Dan’s Plan reprints a post by JD Moyer that starts with the links between Toxoplasma infection and traffic accidents, and ends by saying you should drag your doctor into the modern era.

A Mongolian-trained Harvard doctor thinks modern milk has too much progesterone. Mongolian milk is much healthier.

Cate Shanahan thinks that the elevation of rT3 and decrease of T3 thyroid hormone sometimes seen on extreme low-carb diets is due to abrupt reduction in carb intake. I think it’s due to the body being unable to manufacture enough glucose to meet its needs.

Jack Kruse offered two posts: First, why you shouldn’t eat a banana if you find yourself in Calgary, Canada on Dec 31st. Second, why the death of a patient from cold taught him that we should expose ourselves to cold. Melissa McEwen thinks Jack’s posts deserve criticism. Melissa’s post has a vigorous comment thread that includes comments by me, Chris Kresser, Kurt Harris, Steve Parker, and others.

Walking the dog can be hazardous to your health.

The New York Times reports: postprandial blood glucose will be better regulated if you keep moving.

Stephan Guyenet reports that more palatable foods are less satiating.

More on food reward: The history of toothpaste shows that the Flavorists were already getting started in the early 1900s.

Paleo ideas are going mainstream: FoxNews has a slide show featuring nutritionist Carol Cottrill’s advice to avoid processed foods.

Dr Steve Parker reviews Mark Hyman’s book, which is #1 on Amazon.

Robert Su asks: what does it mean if you can hear your heartbeat?

Judy Tsafrir discusses the FODMAP diet.

Via Ruthie, cuddling dying pets can sometimes give the owner a life-threatening infection. A hospital in Akron, Ohio, saw three such cases in a year.

Jennifer Fulwiler remarks upon a photo series of New Yorkers eating dinner: “I was surprised by the number of people who ate alone and/or who watched TV or used the computer during dinner.” New York is a lonely place.

[3] Cute animals: Looking for ideas to treat the mange on your baby sloth?

Also, be careful in Calgary: Stabby’s Japanese cousin is visiting.

[4] Only in Japan: Japan is a special culture. Many tsunami survivors lost all their family photos in the flood, and Japanese photographer Nobuyuki Kobayashi, with the help of hair and makeup volunteers and a legion of grade school students, decided to make up the loss with professional portraits and letters of support from schoolchildren. Here’s a slideshow.

This is Katsuko Abe, age 71, with her dog Kaede, getting ready for her portrait:

[5] Giving up weight for Lent? In the same post I linked above, Jennifer Fulwiler shares some good news:

As I look for something to wear this weekend, I’m reminded that I am in the middle of the wardrobe crisis that I’ve been waiting to have for ten years: all my clothes are too big. I don’t mean a little loose; I mean I perpetually look like I’m headed out to an M.C. Hammer costume contest.
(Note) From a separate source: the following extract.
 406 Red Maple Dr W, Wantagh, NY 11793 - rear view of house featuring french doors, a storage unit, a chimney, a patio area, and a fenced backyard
Over the past few months I’ve lost 25 pounds. That’s a good thing, mainly since the drop on the scale was more of a side effect of lifestyle changes that have left me with more stamina and energy than I had when I was 20….
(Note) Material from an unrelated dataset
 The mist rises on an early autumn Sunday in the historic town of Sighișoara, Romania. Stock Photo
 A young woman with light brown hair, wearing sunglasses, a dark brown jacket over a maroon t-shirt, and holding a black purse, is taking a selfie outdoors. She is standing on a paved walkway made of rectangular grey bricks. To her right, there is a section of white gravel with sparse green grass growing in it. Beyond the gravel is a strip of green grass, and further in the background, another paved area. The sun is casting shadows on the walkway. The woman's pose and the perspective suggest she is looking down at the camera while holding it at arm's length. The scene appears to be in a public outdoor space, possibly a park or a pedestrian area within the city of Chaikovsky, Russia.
It’s too long a story to explain in detail here, but the short-short version is that it was Perfect Health Diet + rethinking what a reasonable portion size looks like + accepting that spiritual warfare really does come into play with getting healthy + learning to depend on a good jog for an energy boost.

[6] More on pork: Via Dan Moffet, another reason to avoid undercooked pork:

[7] Not the weekly video: Via Chris Highcock, Jeb Corliss makes a spectacular base jump in a wingsuit:

This was in Switzerland. On 16 January 2012, Jeb suffered multiple leg fractures in a similar jump off Table Mountain, Cape Town, South Africa.

[8] Shou-Ching’s Photo-Art:

[9] Weekly video: The Dance of the Water Sleeves:

Leave a comment ?

30 Comments.

  1. re: Cate Shanahan thinks that the elevation of rT3 and decrease of T3 thyroid hormone sometimes seen on extreme low-carb diets is due to abrupt reduction in carb intake. I think it’s due to the body being unable to manufacture enough glucose to meet its needs.

    We could both be correct. These two ideas are not mutually exclusive. In fact, it could be the chronic consumption of high carbs that shuts down some of the glucose-making pathways. Thanks for always keeping me on my toes.

  2. Hi Cate,

    True, they’re not mutually exclusive explanations.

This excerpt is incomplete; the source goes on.